Soon after socialist councilmember Kshama Sawant ended the opening speaking portion of last night’s anti-Trump protest at Westlake, drawing deafening cheers with her call to “occupy inauguration day,” a small scuffle broke out on the edge of the crowd.
A man wearing a U.S.A. flag bandana and a shirt proclaiming “One Nation Under GOD” began to shout “Respect God! Respect Trump! Respect Trump!” A woman, one of the many in the crowd with the Cascadian flag draped around her shoulders like a cape, jabbed her finger toward the man, her face twisted up in raw disbelief. “Respect Trump?” she exclaimed. “Respect a rapist? Would you respect Trump if he had raped your mom?” [Referencing Trump’s numerous rape and sexual assault allegations and “grab her by the pussy” recording.]
“You’re making my God look bad!” another woman in the crowd shouted at the man.
“If there was a God,” an older, weary looking man sighed, “Trump would not be in office.”

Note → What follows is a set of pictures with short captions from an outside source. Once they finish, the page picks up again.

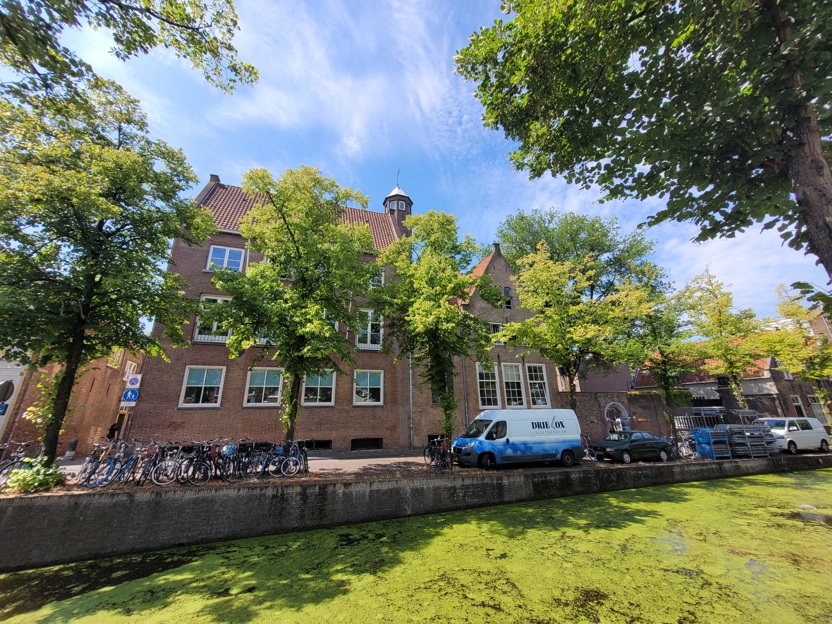 Het gebouw gezien vanaf de overkant van de gracht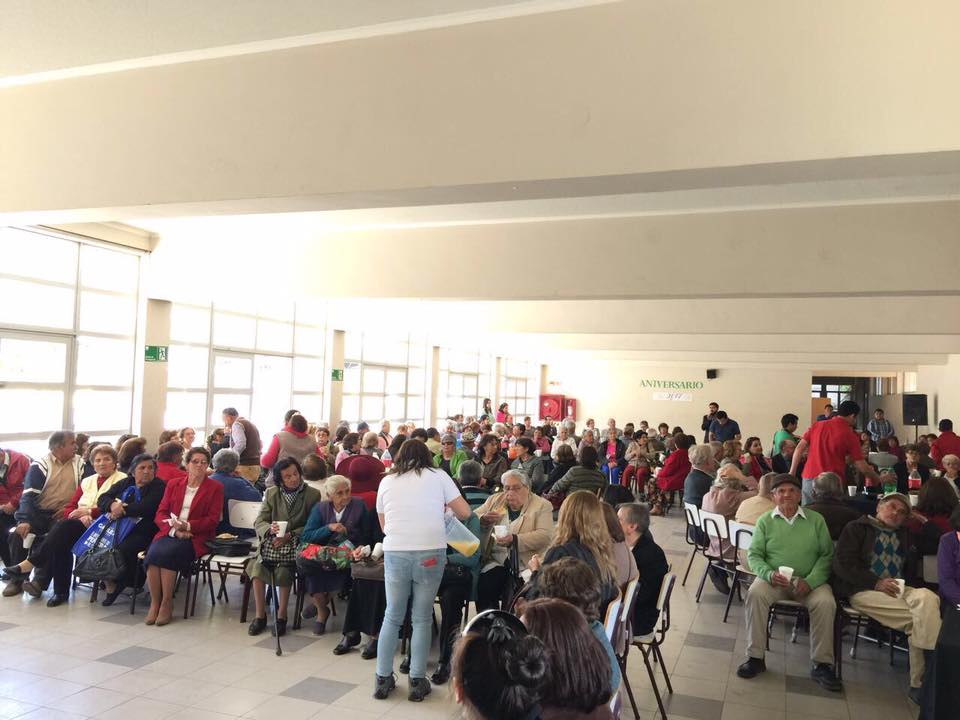 Seguimos recorriendo, compartiendo y escuchando. Junto a cientos de adultos mayores en Parral, celebrando su día!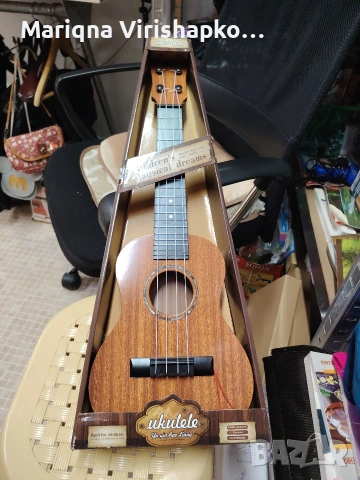 Продавам детска китара със струни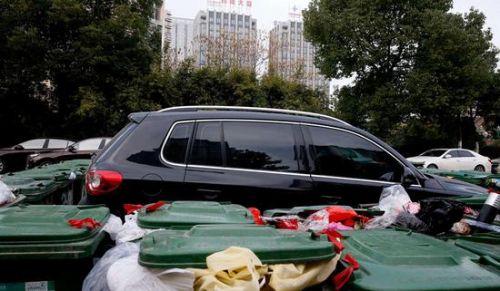 汽車被垃圾桶包圍是被惡搞還是得罪人了？
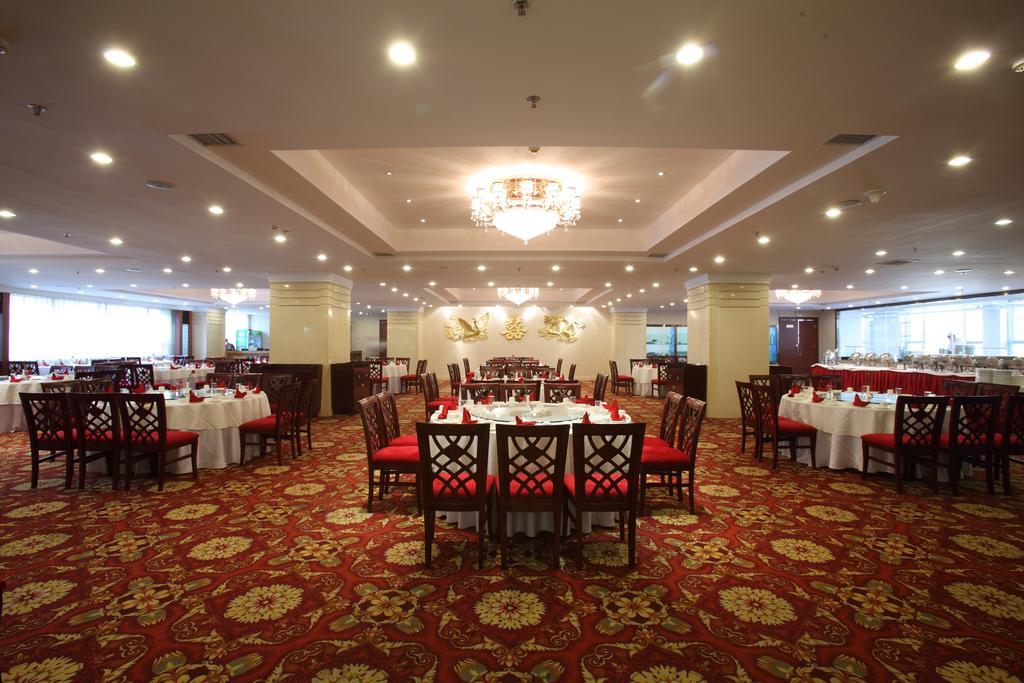 Beijing Wuhuan Hotel Exterior photo
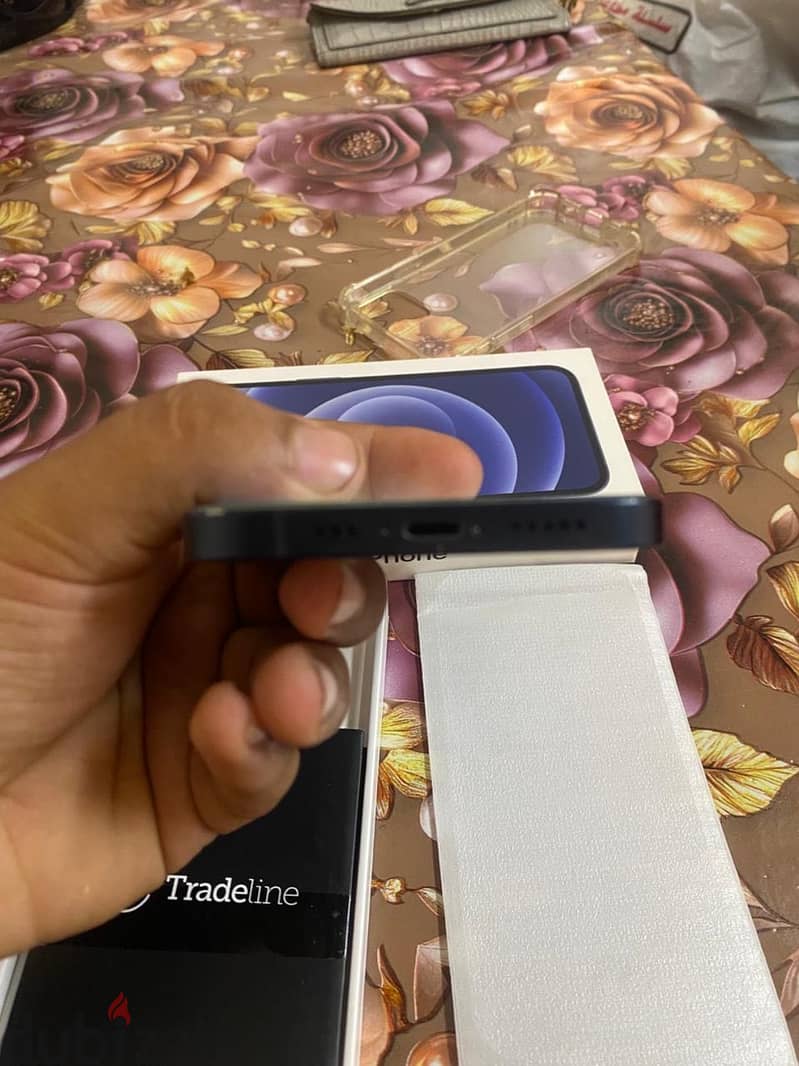 Apple - iPhone 12 2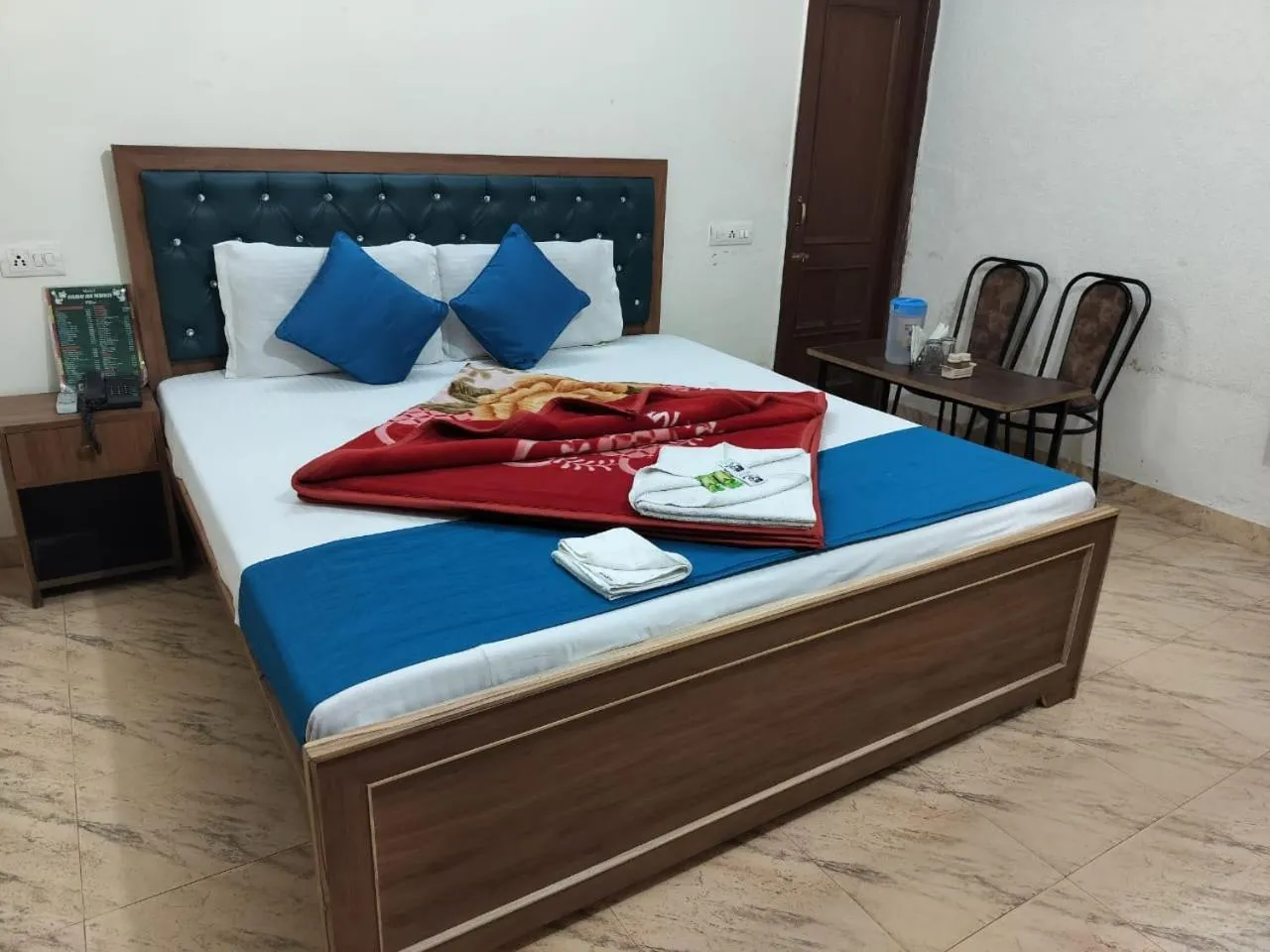 Bed in HOTEL HOLIDAY INN PARADISE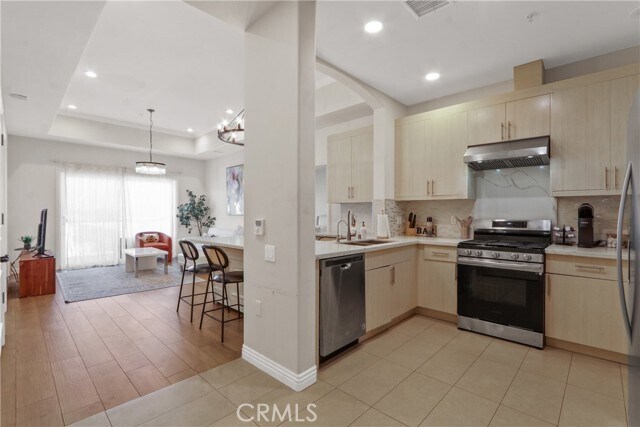 1598 Long Beach Blvd Unit 412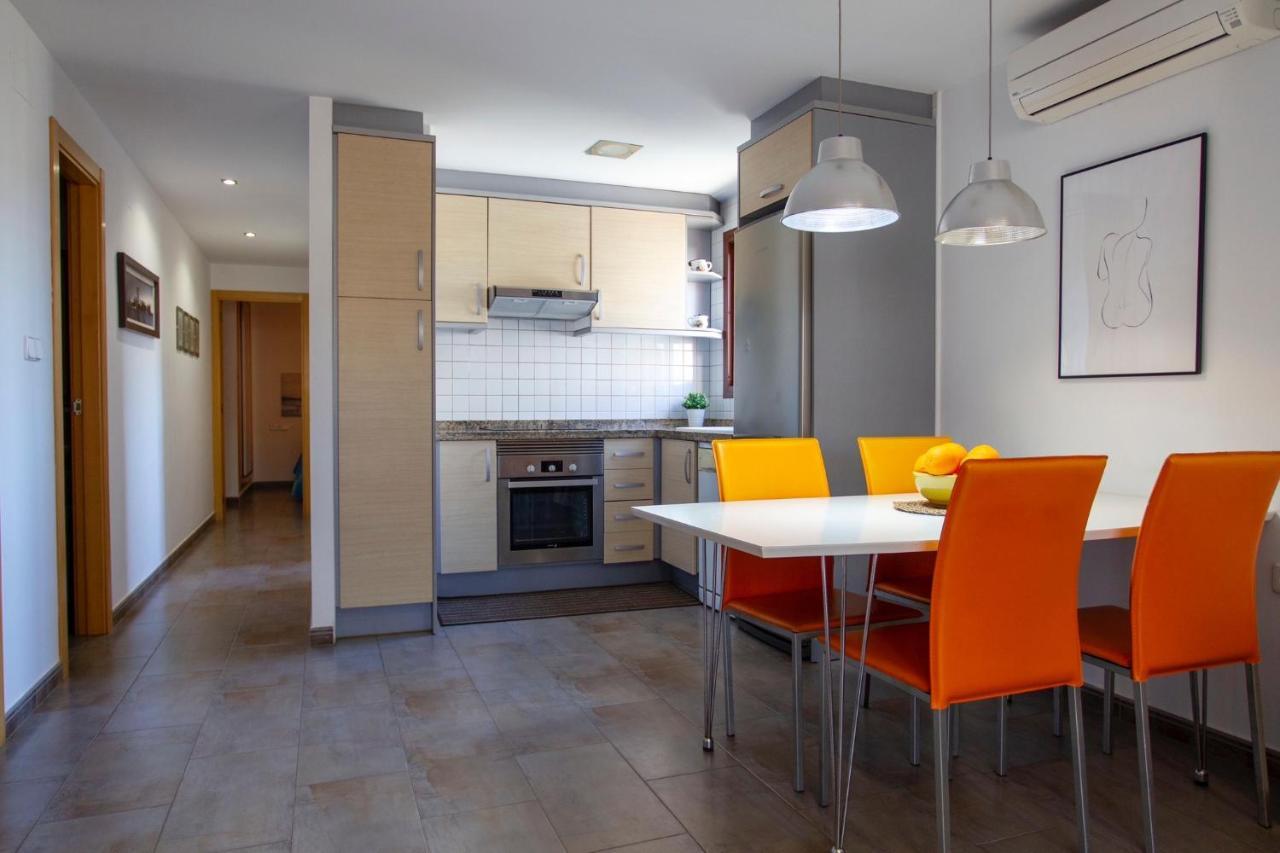 Apartamento A 50 Metros De La Playa, Luminoso Y Acogedor Oliva Kültér fotó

Maybe it was all the Cascadian flags dotting the thousands-strong throng—a symbol charged with new energy thanks to the West’s solid blue electoral wall—or maybe it was the overwhelming, once-stigmatized socialist sentiment and messaging on display that Sawant and Bernie Sanders have normalized—but Seattle couldn’t have felt any further from the United States last night. At one point, another woman wearing a Cascadian flag, holding a sign with the message “We can secede,” let out one of the most primal, guttural screams I have ever heard in my life, echoing through downtown for what seemed like a whole solid minute. The crowd responded with stunned applause. They knew the feeling.
But the most startling thing about last night’s peaceful Anti-Trump protest (which, contrary to confusing initial news reports, was unrelated to the shootings downtown), was how truly intersectional it was. The crowd was unified not just in their disgust for Trump, but in their support for a huge range of issues emblazoned on the sea of signs and banners that flooded the streets. “Not My President” may have been the bedrock chant of the protest, but it was remarkable how fluidly and dynamically that chorus shifted throughout the night. “Black Lives Matter!” “Water is Life!” ” Her body, her choice!” “Hey hey, ho ho, misogyny has got to go! Hey Hey, ho ho, racism has got to go!” “Immigrant Rights!” “No Anti-Gay, No KKK, No Facist USA!” “Pussy grabs back!” Each credo was given voice in turn by the crowd—one made up of people of color, white folks, LGBTQ folks, indigenous Americans, young people, old people, men and women—a voice that grew stronger as the cries of “off the sidewalks into the streets!” drew bystanders in. None of the drivers stalled by the march seemed peeved—almost all honked in support, reaching their hands out for high fives or balled up fists of solidarity. A woman driving a Microsoft Connector bus filmed the procession through the window with her phone, smiling and nodding.
For many, the past two days have felt something akin to a waking nightmare, or the beginning of an ending. But the strength and vindication of Seattle’s community last night was a palpable, cathartic antidote to that despair—a reminder that, as many signs echoed, “this isn’t over.” Take Ann, a woman in the crowd who was marching despite the fact that she’d just had foot surgery. She wheeled herself along, chanting with the crowd with her foot in a brace, one leg on a knee scooter, and a crutch under her right arm.
“There was no hesitation about coming to this,” she told me. “I needed to be surrounded by like-minded people. The only day that’s been worse is the day my parents and brother died. I feel like everything I’ve fought for my whole life has been taken away.” Tears began falling down her face. “The only thing giving me hope is these young people out here, marching.”
If Seattle’s promises hold true, there are many more marches to come.